From: Linus Torvalds
Date: Sat Aug 17 2019 - 04:44:30 EST


On Sat, Aug 17, 2019 at 1:28 AM Linus Torvalds
<torvalds@xxxxxxxxxxxxxxxxxxxx> wrote:
>
> unsigned int bits = some_global_value;
> ...test different bits in in 'bits' ...
>
> can easily cause multiple reads (particularly on a CPU that has a
> "test bits in memory" instruction and a lack of registers.
>
> So then doing it as
>
> unsigned int bits = READ_ONCE(some_global_value);
> .. test different bits in 'bits'...

Side note: this is likely the best example of actual WRITE_ONCE() use
too: if you have that global value with multiple bits that actually
have some interdependencies, then doing

some_global_value = some_complex_expression();

might be reasonably compiled to do several rmw instructions to update
'some_global_value'

So then

WRITE_ONCE(some_global_value, some_complex_expression());

really can be a good thing - it clearly just writes things once, and
it also documents the whole "write one or the other" value, not some
mid-way one, when you then look at the READ_ONCE() thing.

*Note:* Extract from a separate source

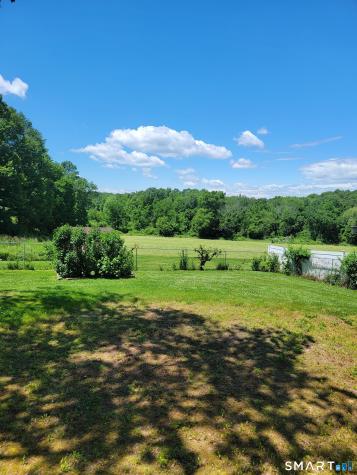 527 East North Street Suffield CT 06078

But I'm seeing a lot of WRITE_ONCE(x, constantvalue) kind of things
and don't seem to find a lot of reason to think that they are any
inherently better than "x = constantvalue".

(In contrast, using "smp_store_release(flag, true)" has inherent
value, because it actually implies a memory barrier wrt previous
writes, in ways that WRITE_ONCE() or a direct assignment does not.)

Ok, enough blathering. I think I've made my point.